Could you transcribe exactly the lines below, from the line with "Five Uncirculated Morgan" through the line with "Women's Elastic Waist", and nothing else, leaving out the pictures?

Pictures with short captions
- Opening Delimiter -

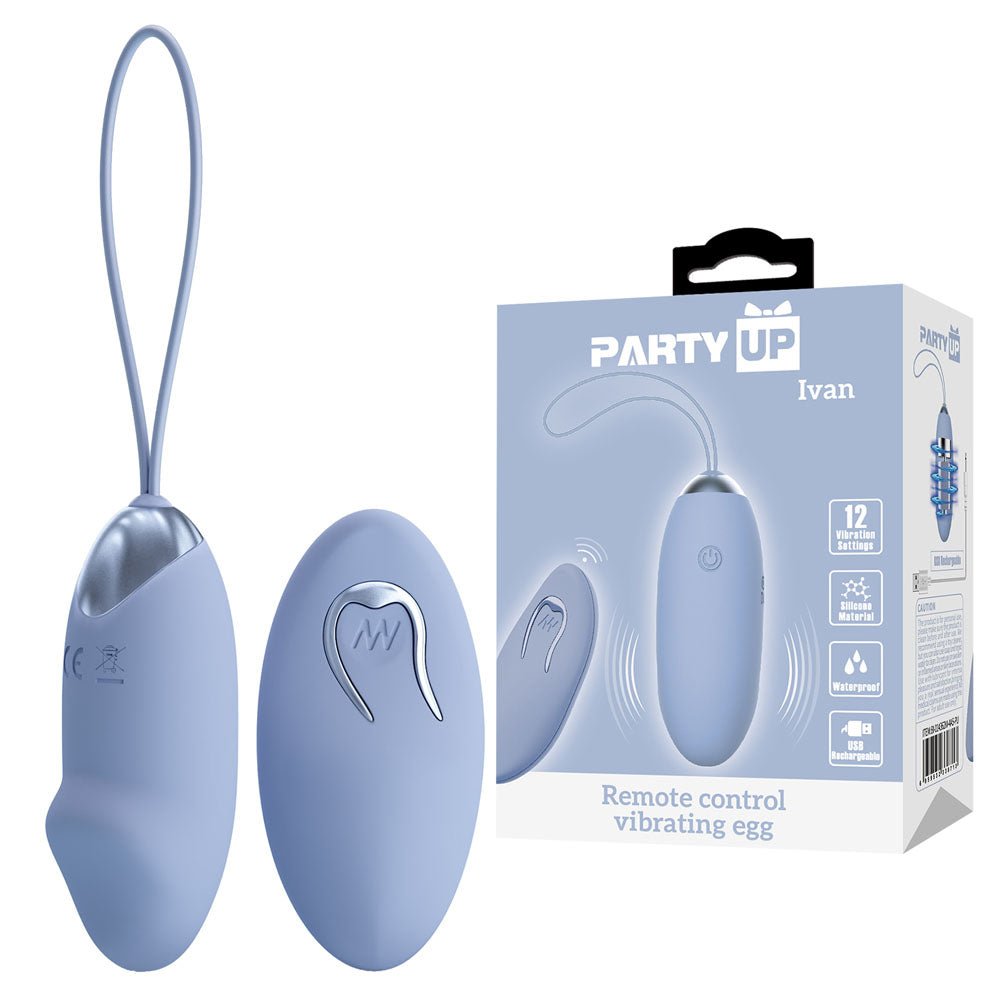 Buy Party Up IVAN Remote Egg - Purple - Purple USB Rechargeable Vibrating Egg with Wireless Remote – Naughtyhut NZ sex toys online. Discreet delivery & top brands.
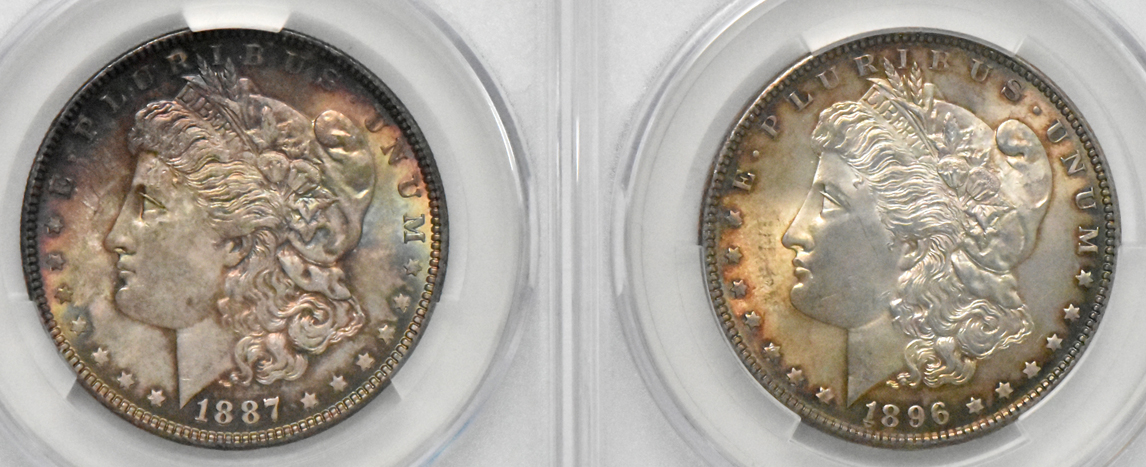 Five Uncirculated Morgan silver dollars, all CACG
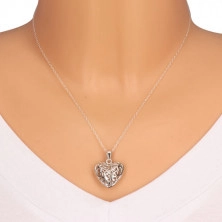 Pandantiv din argint - inimă convexă decorată cu ornamente
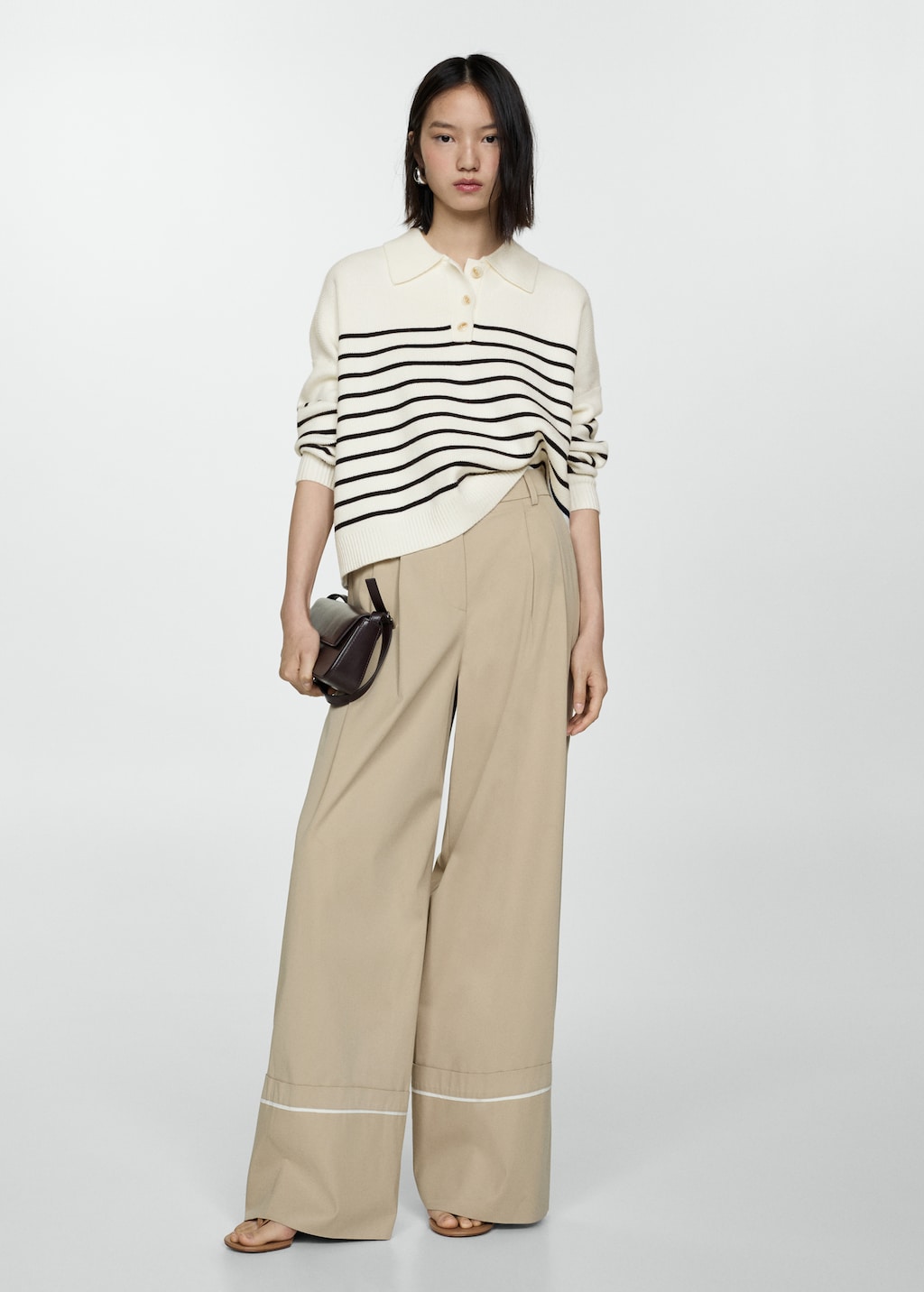Buttoned collar knit sweater - Women | MANGO OUTLET USA
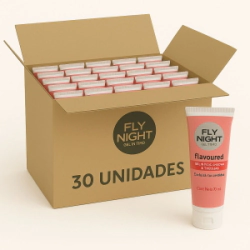 Gel Lubricante Saborizado Fly Night Frutilla - Bulto 30 Unidades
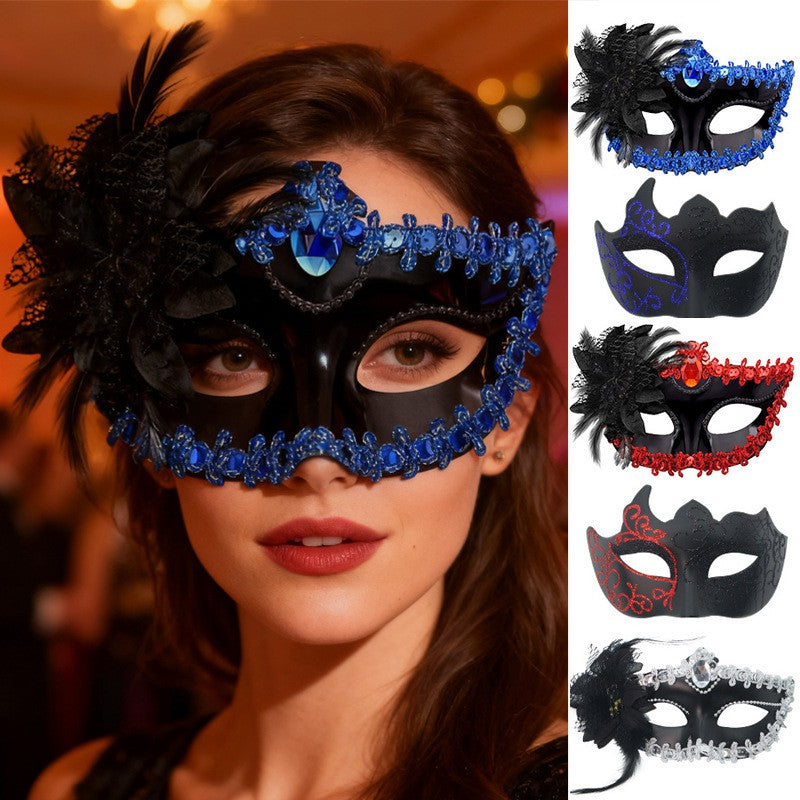 2PCS Couple Masks Sexy Painted Masquerade Venice Feather Flower Party Half Face Cover Wedding Carnival Performance Costume Prom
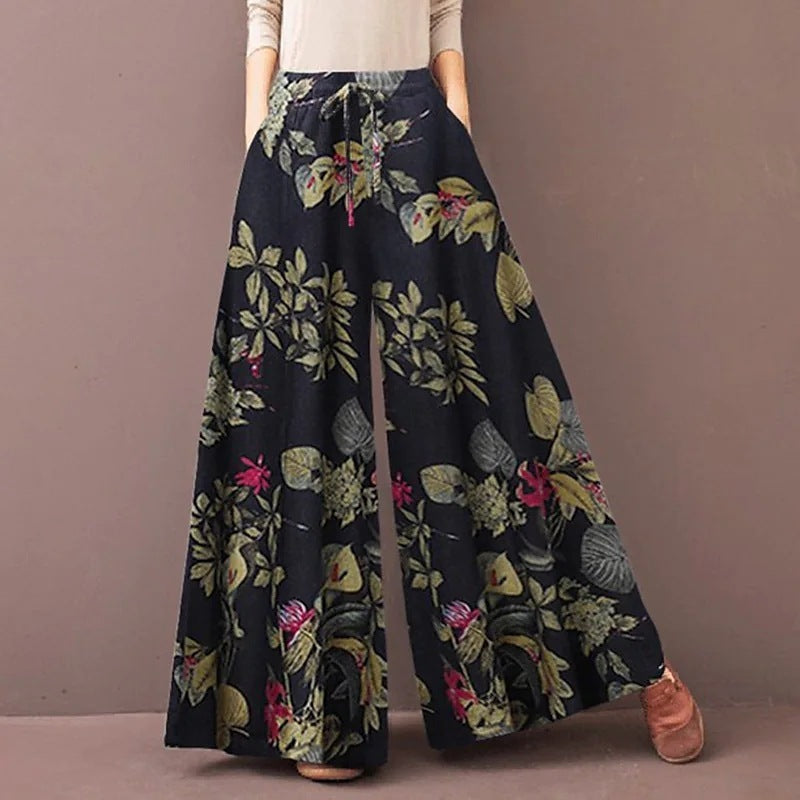 Women's Elastic Waist Casual Floral Wide-leg Pants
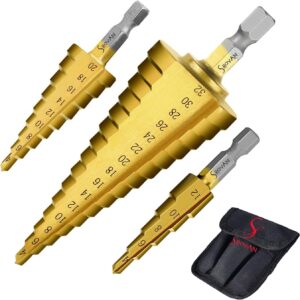 3PCS HSS Step Bits, High Speed Steel Step Drill Bits Set - (4-12mm, 4-20mm and 4-32 mm) Cone Drill Bits Hole Cutter for Wood, Stainless Steel, Sheet Metal by SS SHOVAN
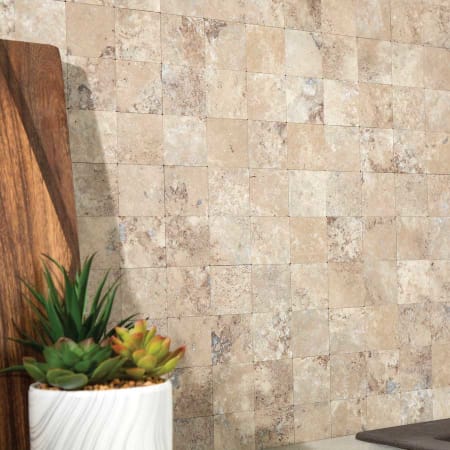 A large image of the ACP AC-COLLAGE-SQUARE-KIT Aged Travertine - Lifestyle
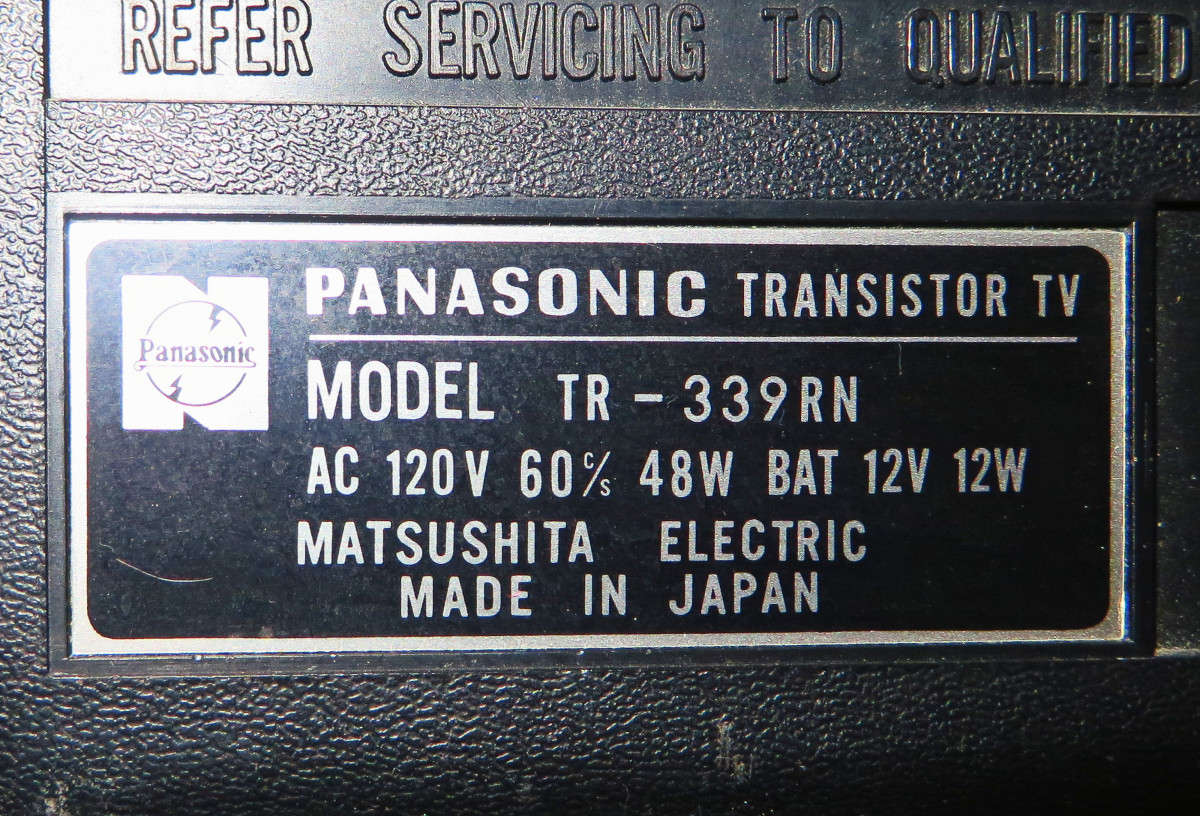 The Back Side of the Panasonic Television, Proudly shows the Solid State Model TR-339RN, and that is was manufactured in Japan.
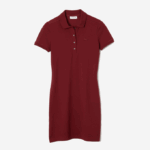 Women Lacoste V0ZN2513 Bordeaux Z7F Stretch Cotton Pique Polo Dress - Image 4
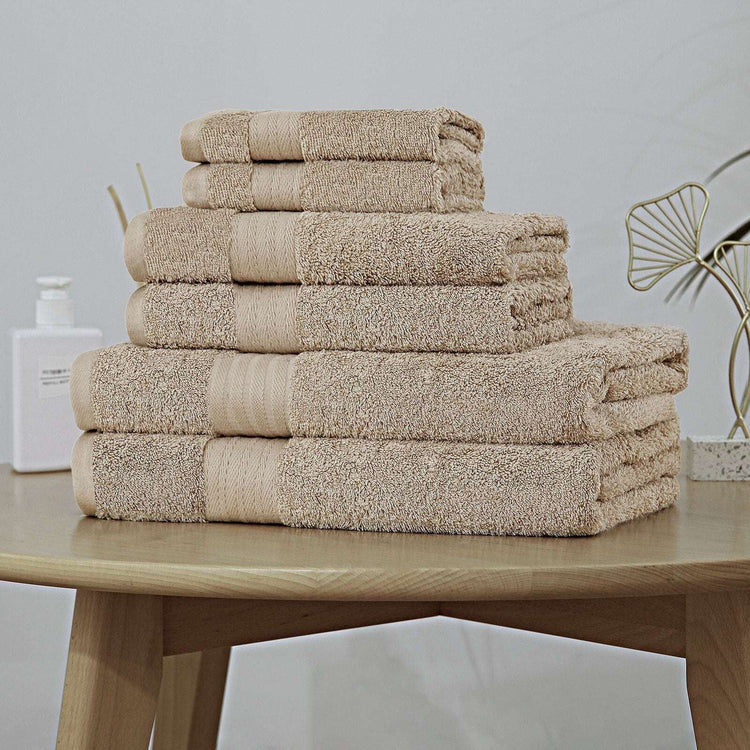 Luxury 6 Piece Soft and Absorbent Cotton Bath Towel Set - Sandstone - Magdasmall
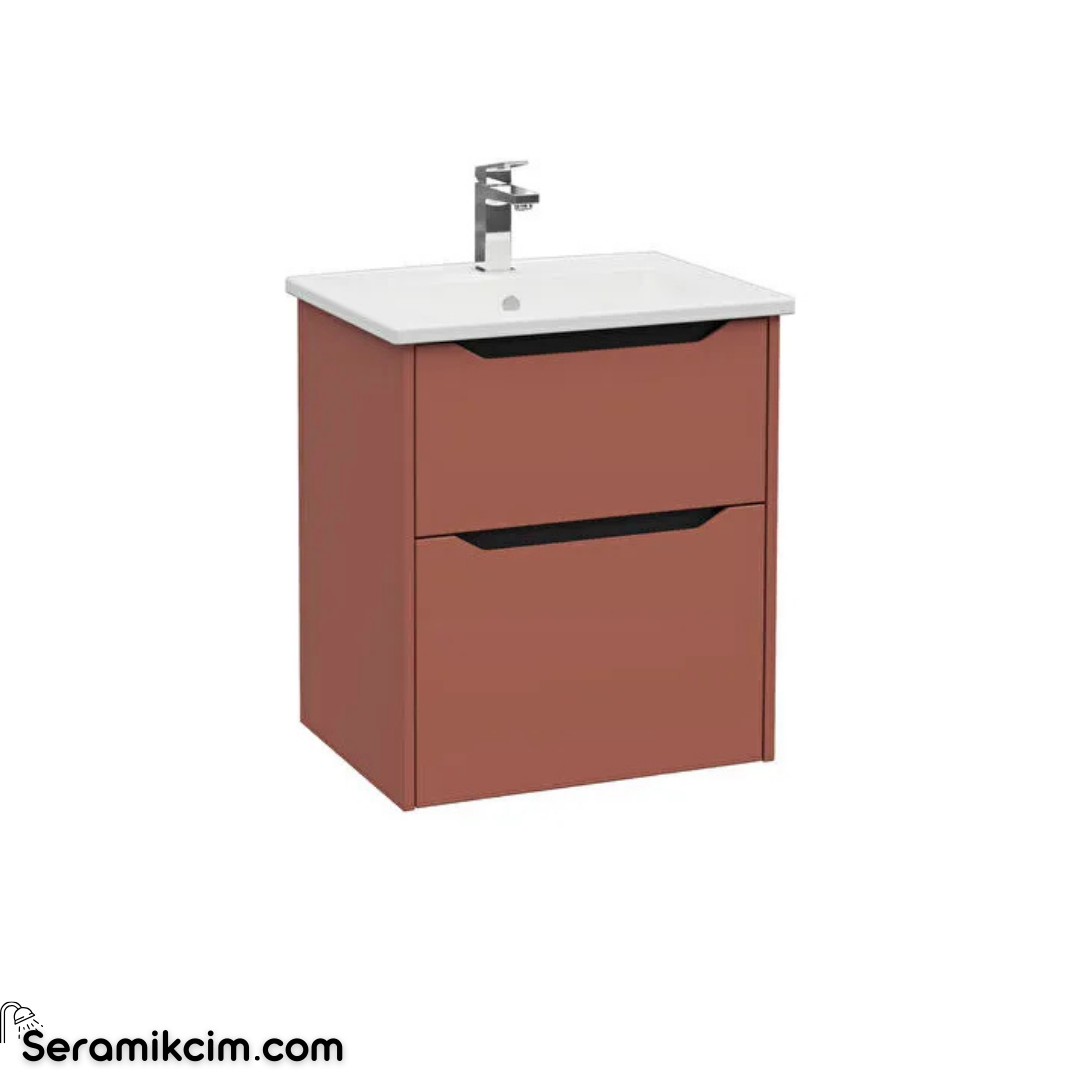 Vitra New Integra Square Lavabo Dolabı 60 Cm İki Çekmeceli Mat Kırmızı 80205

- Closing Delimiter -

Solution:
 Five Uncirculated Morgan silver dollars, all CACG
 Pandantiv din argint - inimă convexă decorată cu ornamente
Buttoned collar knit sweater - Women | MANGO OUTLET USA
 Gel Lubricante Saborizado Fly Night Frutilla - Bulto 30 Unidades
 2PCS Couple Masks Sexy Painted Masquerade Venice Feather Flower Party Half Face Cover Wedding Carnival Performance Costume Prom
 Women's Elastic Waist Casual Floral Wide-leg Pants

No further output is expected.